The Large Hadron Collider (LHC) at CERN is gradually restarting and in the summer bunches of protons will collide again at high energy, marking the start of Run 3.
Is CMS ready to manage the big amount of new data? The CMS Data Acquisition and the High Level Trigger systems underwent massive refurbishment during the past three years.
The LHC proton beams cross each other 40 million times each second at CMS, producing approximately 1MB of data per collision. That is a whopping 40 Terabytes of data each second!
It is technically impossible to read out and store all this data: only a small fraction can be while the rest is lost forever. The very first selection is performed by the Level 1 Trigger that reduces the rate of collisions to analyse to about 100000 per second.
The Data Acquisition (DAQ) system plays the essential role of collecting, inspecting and assembling the data selected by the L1 Trigger. It operates the not-easy task of grouping the data coming from a single collision event together, like organising a big pile of pieces of different puzzles into their original box, and finally sends all the information to the High Level Trigger (HLT). DAQ is also the place where the complete picture of the detector response can be monitored, providing early feedback to physicists running the CMS experiment.
During the Long Shutdown 2, the DAQ system has been refurbished with new technology to allow the overall system to be more compact, less expensive, and more efficient at the same time. The upgrade includes the replacement of all switched networks connecting the detector to the DAQ processing stages, all the way to the HLT farm: this means from the experimental cavern, 100 meters underground, to the surface server room. Moreover, new servers for event assembly, where the information about a unique collision event is assembled for the first time, have been installed.
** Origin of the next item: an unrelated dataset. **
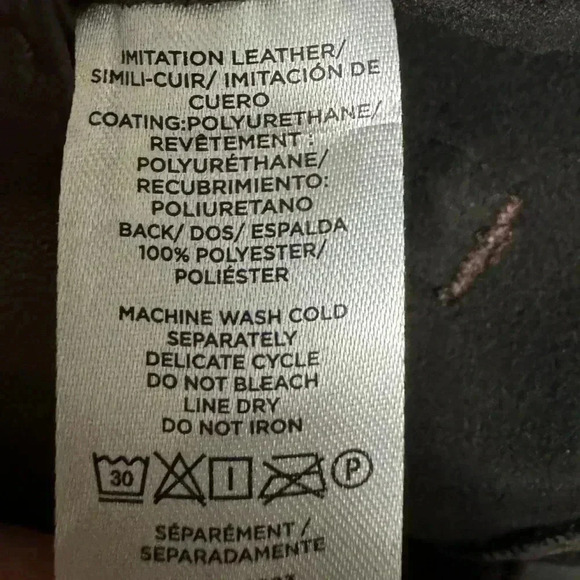 Loft Brown Faux Leather Pants Size 12 P - Picture 5 of 5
Right: A network switch cabinet connecting all servers with the DAQ event builder
Left: A rack full of HLT servers - Credits: Attila Racz
The HLT is the first system where the entire information from collisions can be inspected: this information is used to perform a further selection of the events. HLT basically consists of a series of servers that execute sophisticated algorithms in order to select only the most important and relevant physics data. If the HLT “decides” an event is not worthy, then it is lost forever. At the end of the full process, only a few thousand events per second (out of the initial 40 million) are archived for full offline reconstruction, and later analysed by scientists.
The Long Shutdown 2 has been a period of extensive refurbishment also for the HLT with the replacement of the old farm with 246 new servers. Promptly installed in their racks, all the servers underwent stress tests for entire days in order to check their perfect functioning at 100% of their maximum capacity.
Of the overall amount, 200 servers have been assigned for the HLT, renewing it with 25’600 CPU cores in total and 400 new GPUs, two GPUs per server. The remaining 46 servers have been assigned for the Data Quality Monitor, the development of new algorithms and for future tests.
The CPU installed in the new servers are over four times more powerful than the previous generation, allowing the new farm to use less than half the space than in Run 2 for 90% of the CPU power. Thanks to the additional computation power provided by the GPUs however, the farm is 35% more powerful than in the previous Run.
The new HLT farm was commissioned during the first collisions at 900GeV at the LHC.
What about the old server system, still serviceable, that will be decommissioned?
Nothing will be turned off but used as a permanent online cloud, providing additional CPU capacity for the offline processing of CMS data.